Among the first of the young regular officers who came to Columbus was Alexander McCook.

He was ordered there as inspection and mustering officer, and one of my earliest duties was to accompany him to Camp Jackson to inspect the cooked rations which the contractors were furnishing the new troops.

I warmed to his earnest, breezy way, and his business-like activity in performing his duty.
As a makeshift, before camp equipage and cooking utensils could be issued to the troops, the contractors placed long trestle tables under an improvised shed, and the soldiers came to these and ate, as at a country picnic.

It was not a bad arrangement to bridge over the interval between home life and regular soldiers' fare, and the outcry about it at the time was senseless, as all of us know who saw real service afterward.

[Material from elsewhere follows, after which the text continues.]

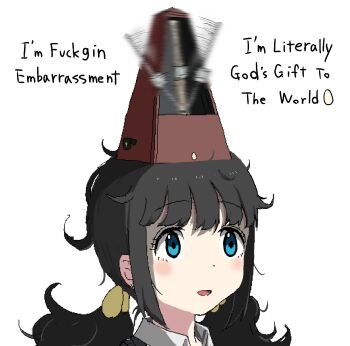 1girl afterimage aiu404l black_hair blue_eyes blush collared_shirt egg egg_(aiu404l) english_text highres jaggy_lines looking_at_viewer medium_hair messy_hair metronome motion_blur object_on_head open_mouth original portrait profanity shirt sidelocks simple_background solo talking twintails typo white_background white_shirt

McCook bustled along from table to table, sticking a long skewer into a boiled ham, smelling of it to see if the interior of the meat was tainted; breaking open a loaf of bread and smelling of it to see if it was sour; examining the coffee before it was put into the kettles, and after it was made; passing his judgment on each, in prompt, peremptory manner as we went on.
The food was, in the main, excellent, though, as a way of supporting an army, it was quite too costly to last long.
While mustering in the recruits, McCook was elected colonel of the First Regiment Ohio Volunteers, which had, I believe, already gone to Washington.